I am not sure what loader exactly is wrt the code I shared above. Any help is really appreciated.

and I want to use your code for getting the mean but I am not sure how exactly I could use it along with this loader from the tutorial which is dependent on `([0.485, 0.456, 0.406], [0.229, 0.224, 0.225])`

from ImageNet. Also, do you set the same exact numbers for all the 3 sets of train, val, test? I mean the tutorial has done so but I am not sure if it is supposed to be correct necessarily especially if train/val/test are at a 60/20/20 ratio there might be some differences between their means.

So, are you computing it across the entire dataset or for each subset of train, val, and set?

P.S.: To me it rather makes sense why we have same number for mean std for all three of train, val, and set pretrained on imagenet and being used for fine-tuning on natural images. Since we assume natural images have a lot in common with ImageNet images.
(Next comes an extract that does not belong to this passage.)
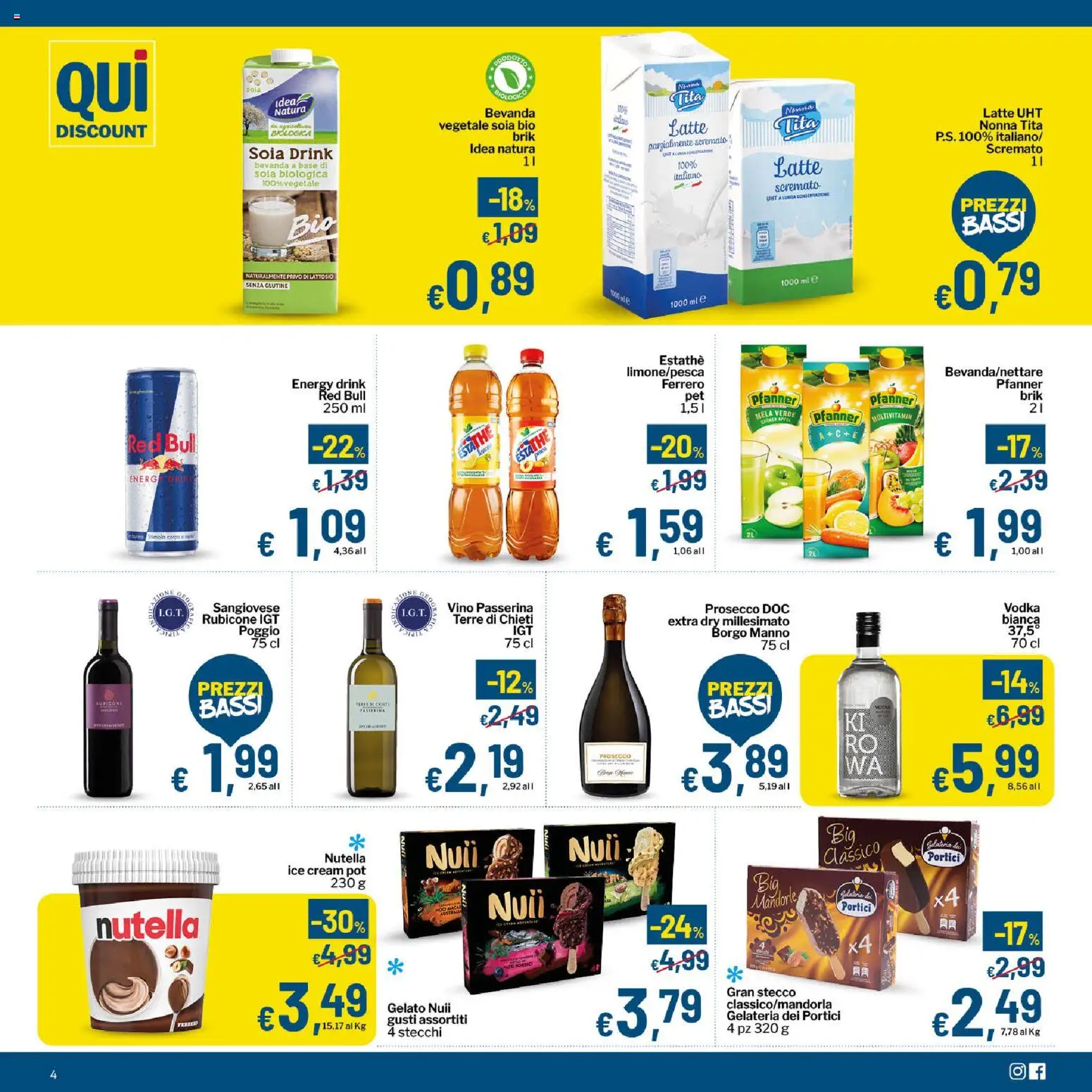 Volantino Qui Discount del 14/07/2026 | Pagina: 4 | Prodotti: Prosecco, Vino, Pesca, Nutella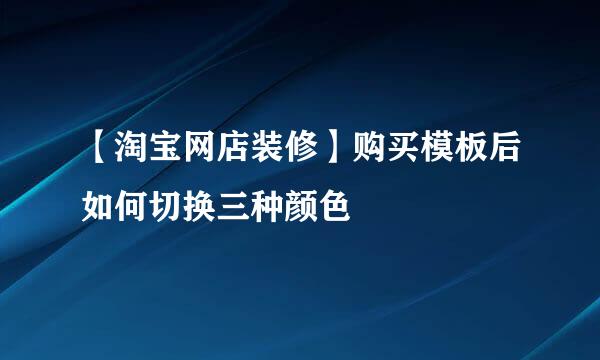 【淘宝网店装修】购买模板后如何切换三种颜色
But in my case, I am not using natural images for fine-tuning and need to calculate the specific means and std for data transform.

If you want to compute the `mean`

and `stddev`

of the input images, you should not apply `Normalize`

to it but either compute these stats from the original inputs or after calling `ToTensor`

(which would normalize the data to `[0, 1]`

).

I would compute it from the training set, as I would consider calculating the stats from the val or test splits a data leak.

thanks for your response. Do you think this method makes sense? Finding mean and std for each of the train, val, and test dataloader to use for Normalize in data transform - #2 by Mona_Jalal

the explanation is clear and totally right,the average of partial standard deviation can not be seen as the global std.